Exact reproduction is required for the lines below starting at the line with "May include: Two" and ending at the line with "A compact kitchen", both included. No other lines, and no pictures.

■ **DATA LISTING**
----
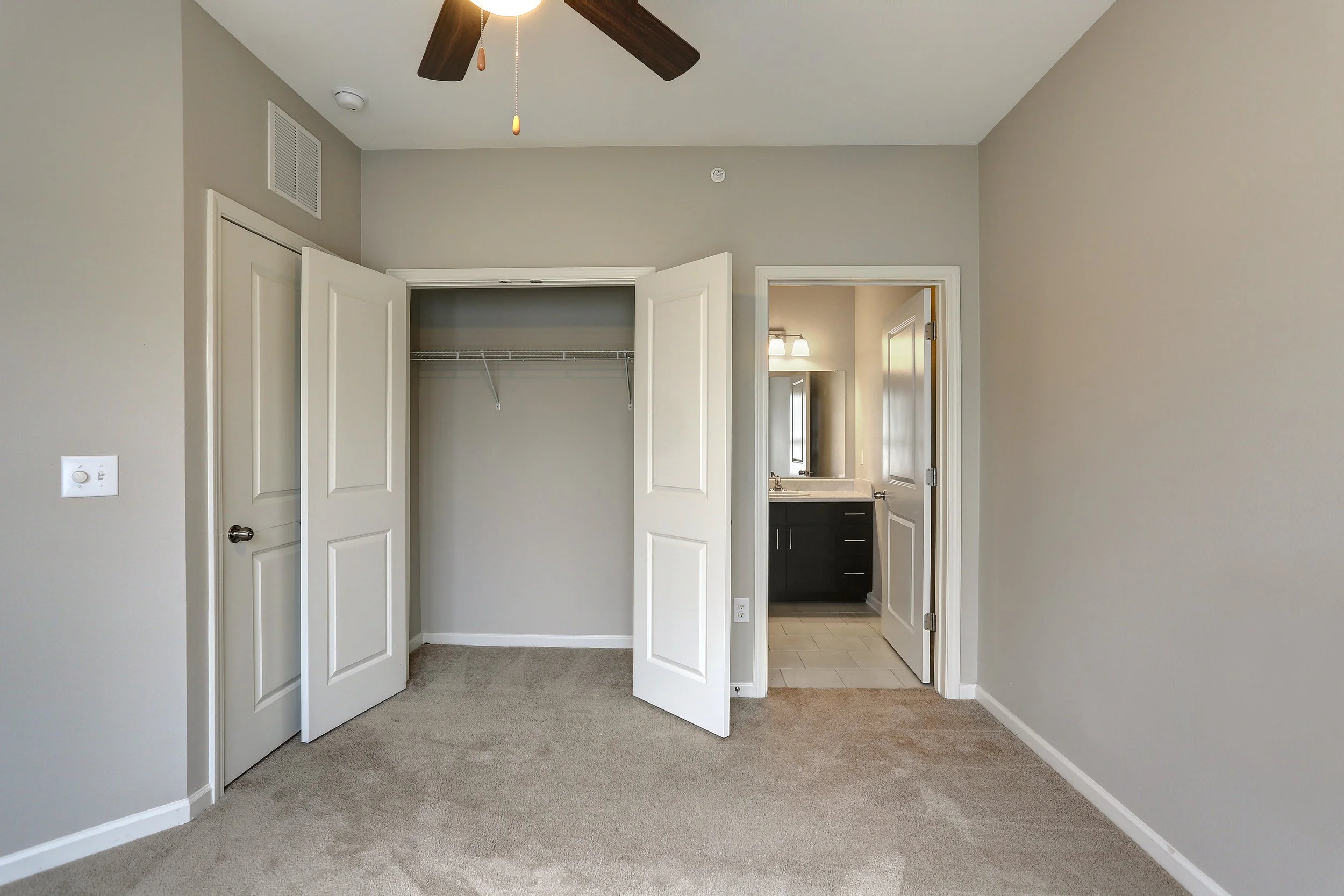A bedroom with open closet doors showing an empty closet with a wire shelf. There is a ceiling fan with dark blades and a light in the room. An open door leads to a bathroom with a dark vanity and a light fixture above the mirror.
----
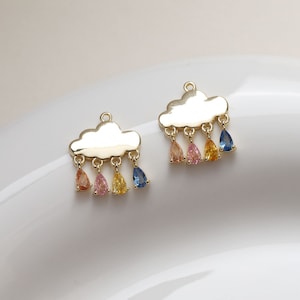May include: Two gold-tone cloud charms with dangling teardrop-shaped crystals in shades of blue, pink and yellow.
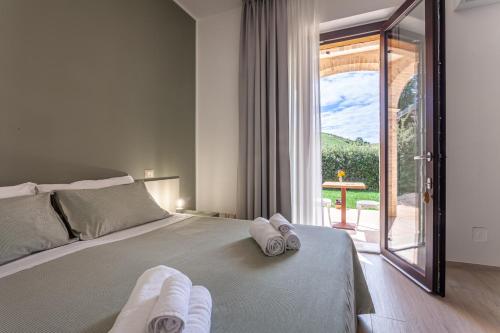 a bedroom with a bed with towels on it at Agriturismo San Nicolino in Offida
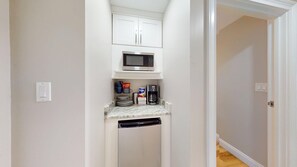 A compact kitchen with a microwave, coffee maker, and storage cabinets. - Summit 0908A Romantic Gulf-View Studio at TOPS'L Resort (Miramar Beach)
----
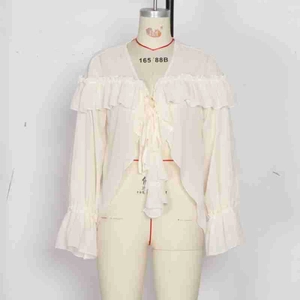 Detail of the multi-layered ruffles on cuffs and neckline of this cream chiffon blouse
----
■ **SOLVED EXERCISE**
May include: Two gold-tone cloud charms with dangling teardrop-shaped crystals in shades of blue, pink and yellow.
 a bedroom with a bed with towels on it at Agriturismo San Nicolino in Offida
 A compact kitchen with a microwave, coffee maker, and storage cabinets. - Summit 0908A Romantic Gulf-View Studio at TOPS'L Resort (Miramar Beach)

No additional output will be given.